→ Work task:
Output the listing word for word, minus images.

Segment Start: Stored data

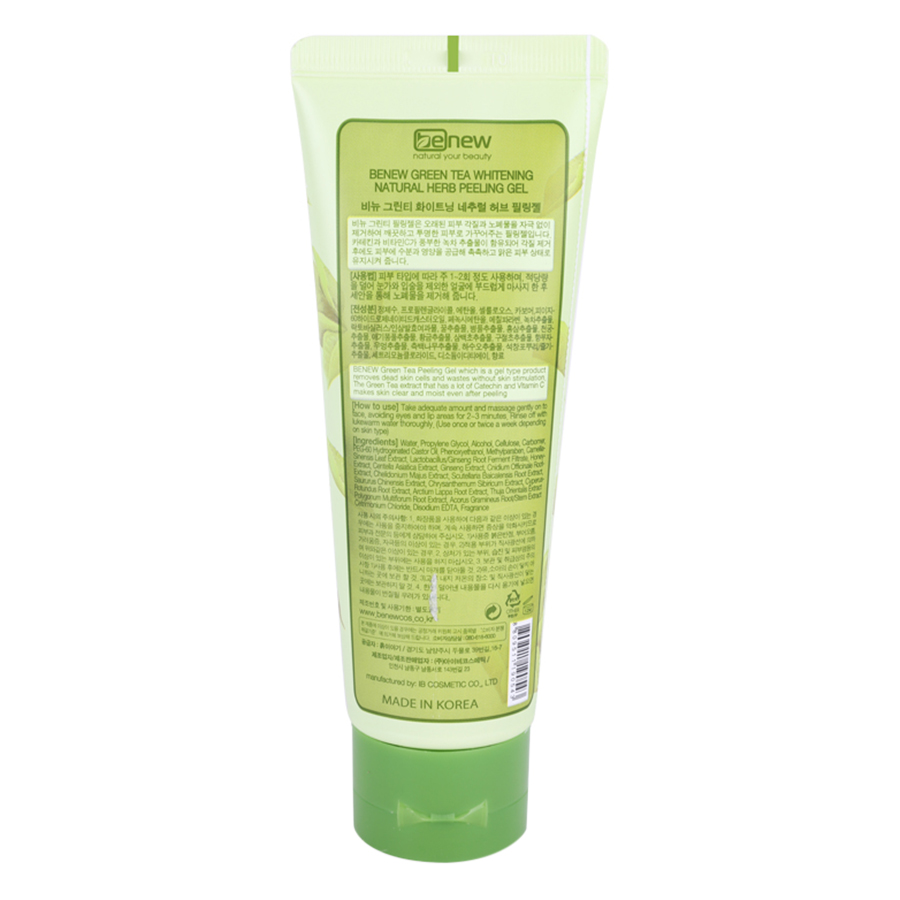 Tẩy Tế Bào Chết Trà Xanh Hàn Quốc Benew Green Tea Peeling Gel (120ml)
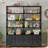 7-Tier Double Wide Bookshelves, Tall Bookcase With 8 Drawers Storage Organizer, Industrial Display Free Standing Shelf Units, Metal Storage Rack For Home Office Bedroom-16753757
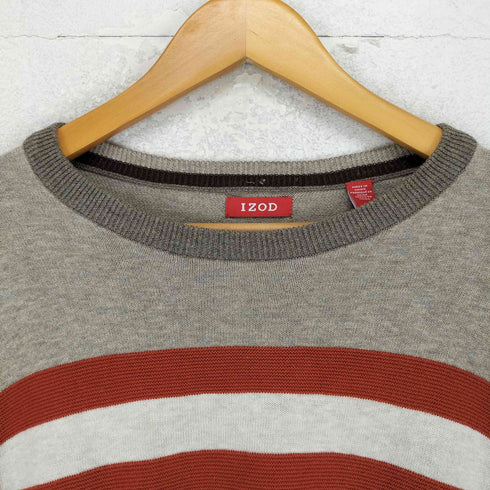 アイゾッド IZOD ボーダーライン コットンニット メンズ S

Segment End: Stored data

→ Answer to this problem:
 Tẩy Tế Bào Chết Trà Xanh Hàn Quốc Benew Green Tea Peeling Gel (120ml)
 7-Tier Double Wide Bookshelves, Tall Bookcase With 8 Drawers Storage Organizer, Industrial Display Free Standing Shelf Units, Metal Storage Rack For Home Office Bedroom-16753757
 アイゾッド IZOD ボーダーライン コットンニット メンズ S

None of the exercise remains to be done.